Exercise ▸
Your answer must be an exact copy of the listing that follows, with all pictures omitted.

Supplied information ▸
***
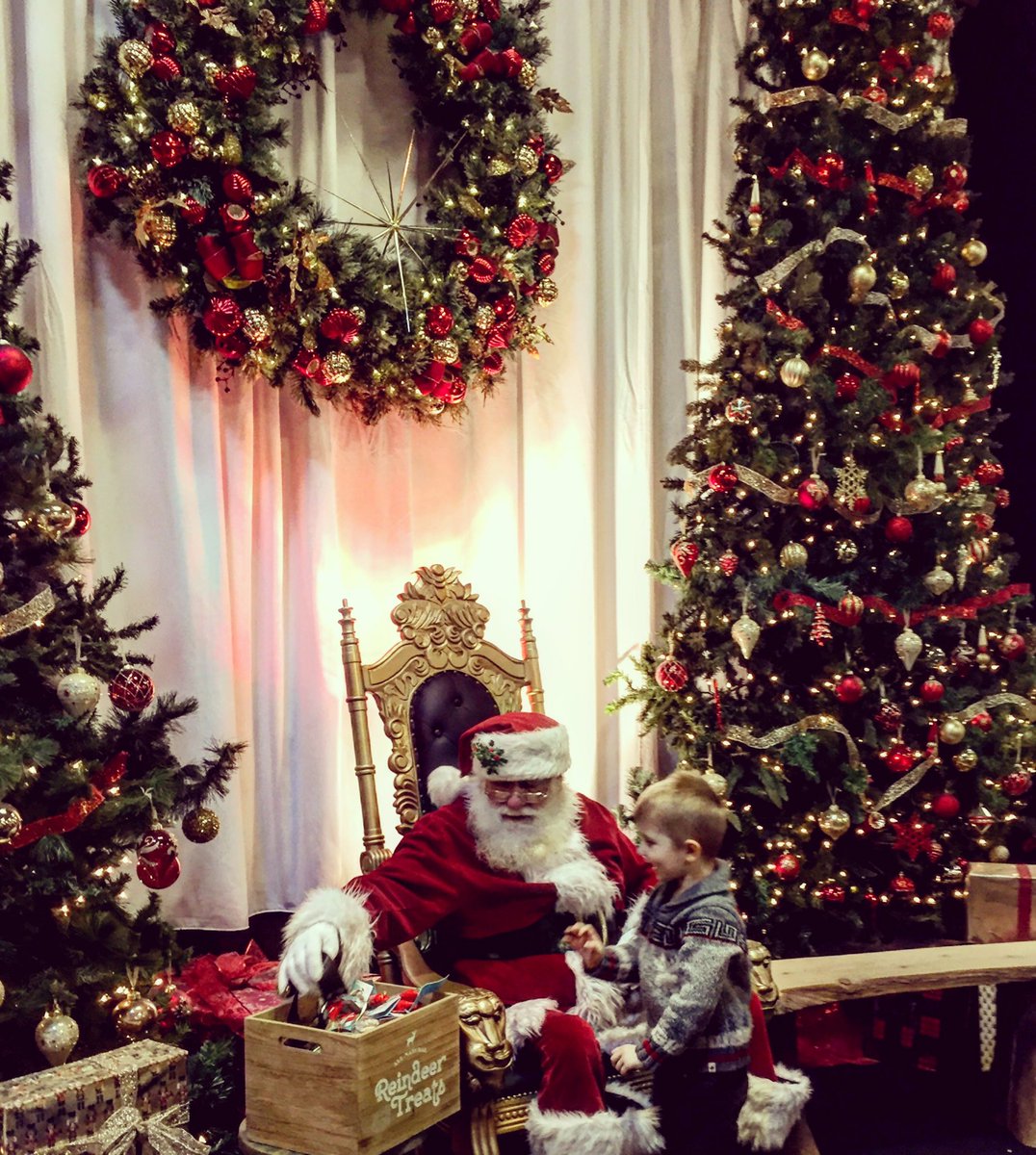 tourismbarrie's tweet photo. Have you stopped by to visit #Santa yet? He has been very busy trying to see as many boys & girls as he can before #Christmas! Catch him @400market @georgian_mall, @cabelascanada or @TangerOutlets #Cookstown
#getoutandplay #getoutandshop #christmasiscoming https://t.co/kd9mUjYza7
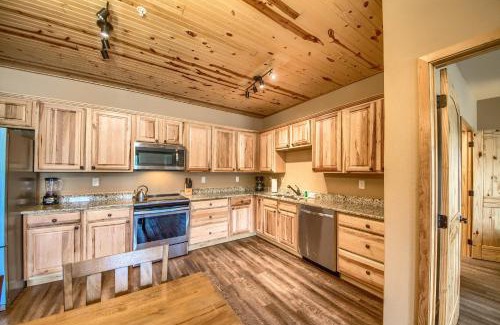 Gruene Apartment | Old Mills Resort OM A11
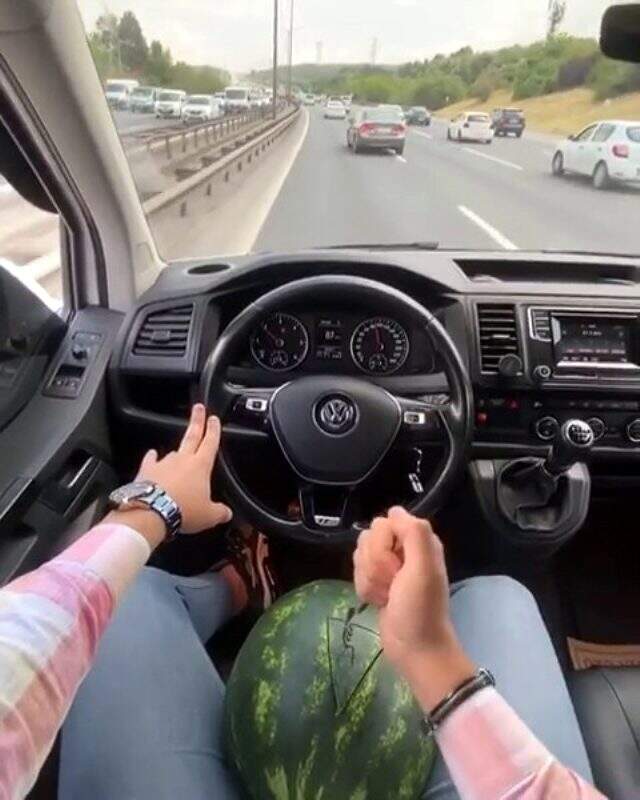 Karpuzlu trafik magandası trafiktekilerin canını hiçe saydı Karpuzlu trafik magandası trafiktekilerin canını hiçe saydı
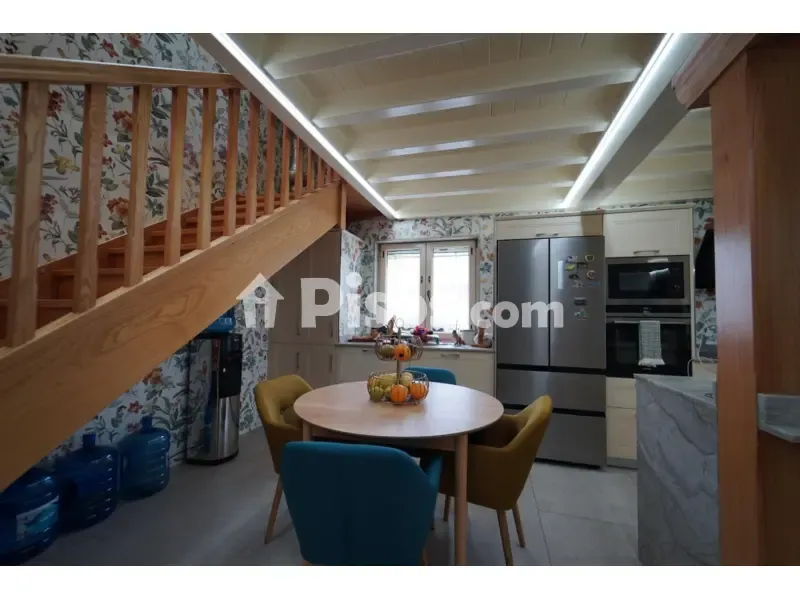 Salle à manger - Chalet with Traditional Architecture in Cudón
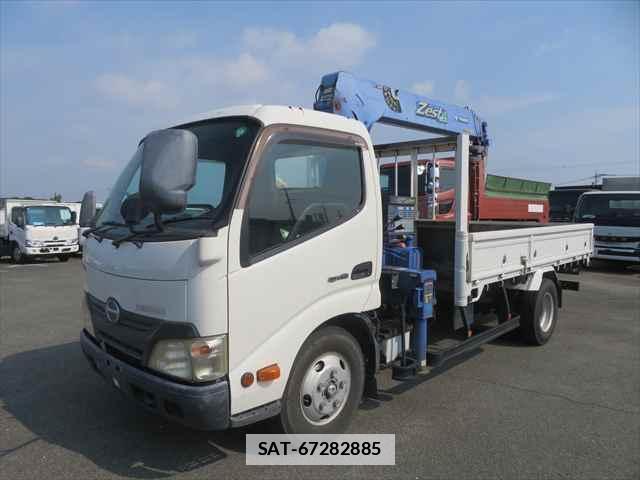 Hino DUTRO 2012-10 7800294-1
***
Finished task ▸
 tourismbarrie's tweet photo. Have you stopped by to visit #Santa yet? He has been very busy trying to see as many boys & girls as he can before #Christmas! Catch him @400market @georgian_mall, @cabelascanada or @TangerOutlets #Cookstown
#getoutandplay #getoutandshop #christmasiscoming https://t.co/kd9mUjYza7
 Gruene Apartment | Old Mills Resort OM A11
 Karpuzlu trafik magandası trafiktekilerin canını hiçe saydı Karpuzlu trafik magandası trafiktekilerin canını hiçe saydı
 Salle à manger - Chalet with Traditional Architecture in Cudón
 Hino DUTRO 2012-10 7800294-1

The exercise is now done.